AMLO, de hecho, no sabía qué era “bueno para él”. “¿Cómo vamos a permitir que el embajador de Estados Unidos, con todo respeto… opine que lo que estamos haciendo está mal?”, preguntó en su conferencia de prensa del martes siguiente. Aunque negó que el embajador fuera expulsado, explicó que la relación con la embajada estaba “en pausa”. Lo mismo, añadió, con la embajada de Canadá, cuya actitud al apoyar a Estados Unidos había sido “lamentable… como un estado vasallo”. A ambos países, concluyó, “les gustaría interferir en asuntos que sólo conciernen a los mexicanos.
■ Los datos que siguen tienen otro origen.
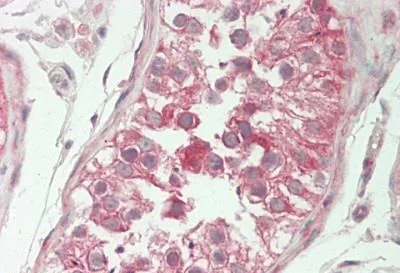 Immunohistochemistry (Formalin/PFA-fixed paraffin-embedded sections) - Anti-TM2D1/BBP antibody (AB230876)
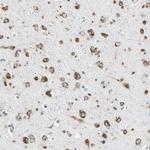 Nucleobindin 1 Antibody in Immunohistochemistry (Paraffin) (IHC (P))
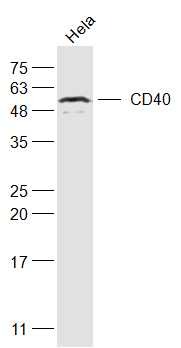 Anti-CD40 Polyclonal Antibody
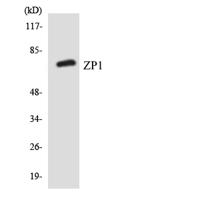 ZP1 Polyclonal Antibody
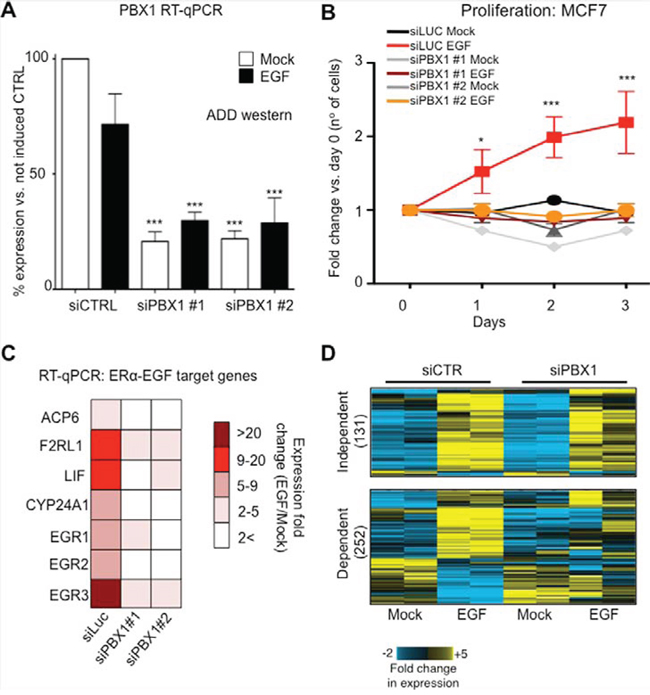PBX1 is required to activate EGF signaling in ER&#x03B1; breast cancer cells.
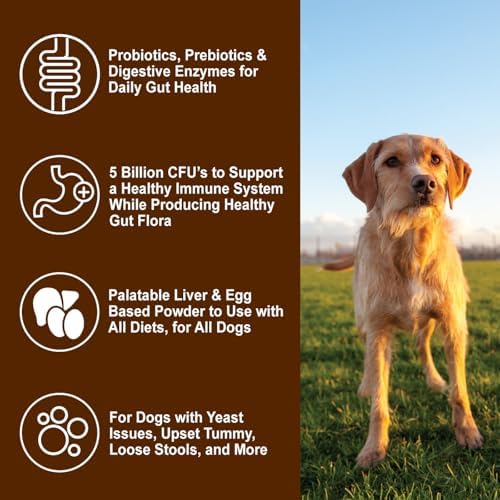 Dogzymes Probiotic Daily Balance - Supplies Nutritional Support and Live microorganisms for intestinal Well-Being as Well as enzymes for Proper Digestion. (8 Ounce)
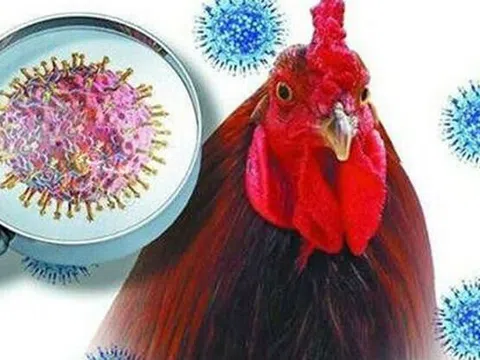 Bỉ nỗ lực ngăn chặn nguy cơ lây nhiễm virus H5N1 cho gia cầm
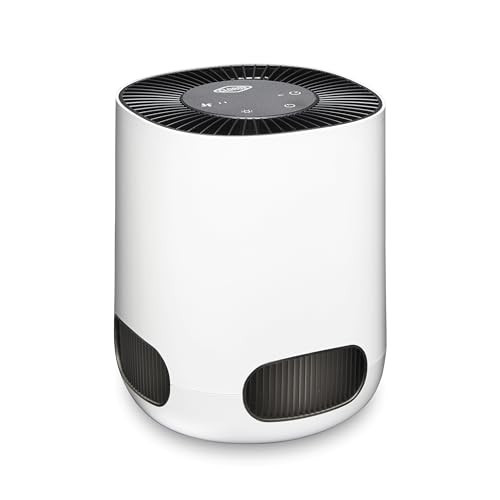 Clorox Air Purifiers for Bedroom Home, True HEPA Filter, Small Rooms Up to 200 Sq Ft, Removes 99.9% of Mold, Viruses, Wildfire Smoke, Allergens, Pet Allergies, Dust, AUTO Mode, Whisper Quiet | Amazon (US)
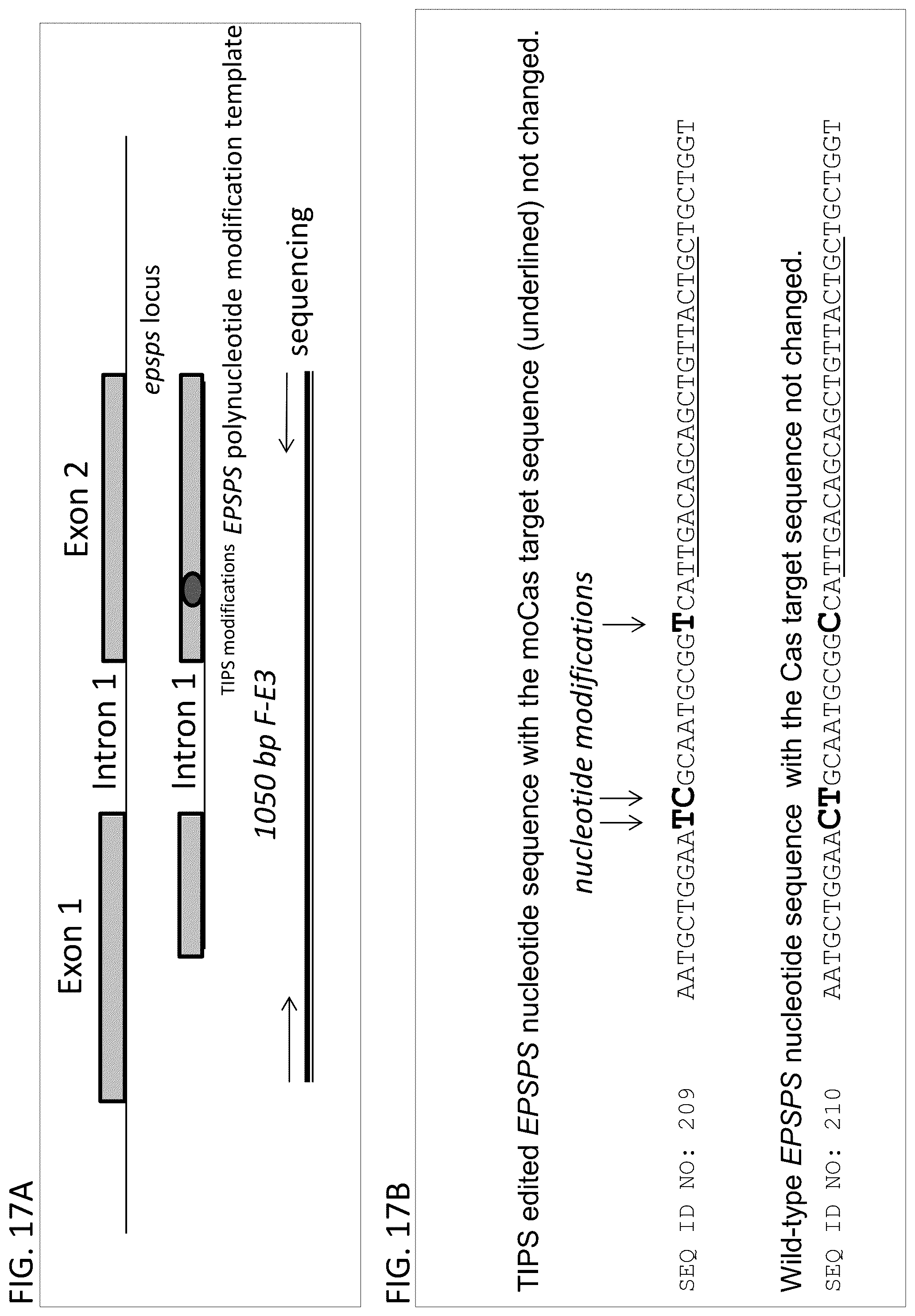 Patent US12378566 Figure 20 – Plant genome modification using guide RNA/Cas endonuclease systems and methods of use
Mientras yo esté aquí, no permitiré ninguna violación a nuestra soberanía”. Las líneas de batalla estaban trazadas.

La carta del embajador y la conferencia de prensa que la acompañó resultaron aún más sorprendentes a la luz del hecho de que, dos meses antes, había dicho exactamente lo contrario. La reforma judicial “es una decisión mexicana”, afirmó el 13 de junio. “No es nuestra decisión. Nosotros, los Estados Unidos, no podemos imponer nuestras opiniones en esos asuntos”. El 24 de julio, reafirmó que “el modelo [of the reform] “Será una decisión del gobierno mexicano, del poder legislativo mexicano. Yo no me voy a meter en lo que se debe hacer”. Días antes de dar un giro de 180 grados, seguía diciendo que la reforma judicial representaba “una oportunidad para hacer cosas buenas” y que Estados Unidos “no estaba en posición” de decirle a México lo que tenía que hacer.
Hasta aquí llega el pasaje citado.